Was sie herausfanden:

  • Es funktioniert, aber es ist knifflig: Wenn Studenten tatsächlich mit Gemeinschaften arbeiten (wie bei den „Joint Advisory Groups“ der Gulu University, wo Bauern und Ärzte helfen, die Lektionen zu gestalten), werden Studenten besser darin, reale Probleme zu lösen, mit Fremden zu kommunizieren und ethisch zu handeln. Sie werden „beschäftigungsfähiger“, weil sie in der Lage sind, mit chaotischen, realen Situationen umzugehen.
  • Es kostet Geld: Man kann Studenten nicht einfach nur sagen: „Geh und hilf.“ Es kostet Geld für den Transport (besonders im ländlichen Norduganda, wo die Straßen schlecht sind), für die Reisen der Lehrkräfte zu den Einsatzorten und um sicherzustellen, dass die Gemeinschaftspartner respektiert und entschädigt werden.
  • Die „5–10 %-Regel“: Das Paper schlägt einen spezifischen Weg vor, um dies zu finanzieren. Universitäten könnten 5–10 % des Geldes, das Studenten bereits für „Praktikumsgebühren“ (die Gebühren für Labore und Werkstätten) bezahlen, in einen speziellen Topf für Gemeinschaftsprojekte umleiten. Dies ist keine neue Gebühr; es ist lediglich eine Umverteilung von Mitteln, um sicherzustellen, dass der Gemeinschaftsteil finanziert wird.

Was sie ausschließen:

  • Es ist nicht nur ein kurzes Praktikum: Das Paper argumentt explizit, dass ein zweiwöchiger Aufenthalt in einer Fabrik oder einer Krankenhausstation nicht ausreicht. Kurze, unstrukturierte Besuche vermitteln oft keine tiefen Fähigkeiten und können die Gemeinschaft sogar verärgern. Echtes Lernen erfordert lange Dauer, Planung und eine Integration in das Curriculum.
  • Es ist nicht dasselbe wie die Arbeit in Unternehmen: Man kann nicht dieselben Checklisten für Gemeinschaftsprojekte verwenden, die man für Unternehmenspraktika nutzt. Ein Firmenchef unterschreibt ein Berichtsheft; ein Gemeinschaftspartner könnte ein Landwirt sein, der eine andere Art von Feedback-Instrument benötigt.
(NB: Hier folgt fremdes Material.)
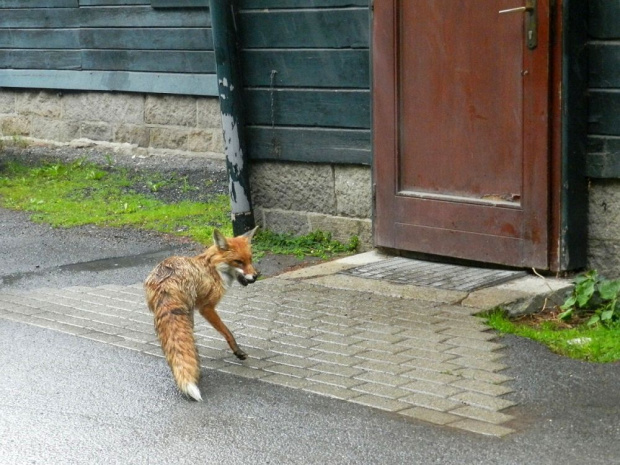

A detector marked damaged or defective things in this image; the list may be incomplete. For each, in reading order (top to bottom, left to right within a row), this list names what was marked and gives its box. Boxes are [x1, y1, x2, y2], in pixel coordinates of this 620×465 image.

rusty wooden door [372, 0, 552, 268]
Der „Fünf-Schichten-Kuchen“

Die Autoren bauten ein Modell auf, um zu zeigen, wie dies funktioniert, wie ein fünfschichtiger Kuchen:

  1. Gemeinschaftliches Engagement (Community Engagement): Die Universität und die Gemeinschaft setzen sich zusammen und fragen: „Was müssen wir lösen?“
  2. Erfahrungsorientiertes Lernen (Experiential Learning): Studenten gehen hinaus und verrichten die Arbeit, machen Fehler und lernen aus ihnen.
  3. Kompetenzerwerb (Competency Acquisition): Studenten verbessern sich in Fähigkeiten wie Führung, kritisches Denken und Teamarbeit.
  4. Beschäftigungsfähigkeit der Absolventen (Graduate Employability): Weil sie diese Fähigkeiten besitzen, finden sie Jobs oder gründen Unternehmen.
  5. Nationale Transformation (National Transformation): Wenn all diese Studenten ihren Abschluss machen, wird das ganze Land (insbesondere Orte wie Norduganda) stärker und widerstandsfähiger.

Das Urteil

Das Paper legt nahe, dass, wenn Uganda möchte, dass sein neues Bildungssystem wirklich funktioniert, es aufhören muss, das Gemeinschaftslernen als „optionales Extra“ oder als „Nice-to-have“ zu behandeln. Es muss ein Kernbestandteil des Rezeptes sein.

Die Autoren sind jedoch vorsichtig und sagen nicht, dass dies ein magisches Heilmittel ist, das bereits bewiesen hat, alles zu lösen. Sie sagen, dass die Beweise darauf hindeuten, dass es funktioniert, aber wir brauchen mehr Studien, um sicher zu sein. Sie warnen davor, dass das neue System ohne einen spezifischen Plan zur Finanzierung und eine klare Methode zur Messung am Ende nur dem Namen nach „kompetenzbasiert“ sein könnte, was dazu führt, dass Studenten zwar über Fähigkeiten sprechen können, diese aber in der realen Welt nicht tatsächlich anwenden können.

Die Quintessenz ist also einfach: Um eine Mahlzeit zu kochen, die die Nation ernährt, kann man nicht nur in der schicken Küche üben. Man muss hinausgehen, sich mit den Nachbarn die Hände schmutzig machen und sicherstellen, dass jeder am Tisch einen fairen Anteil erhält.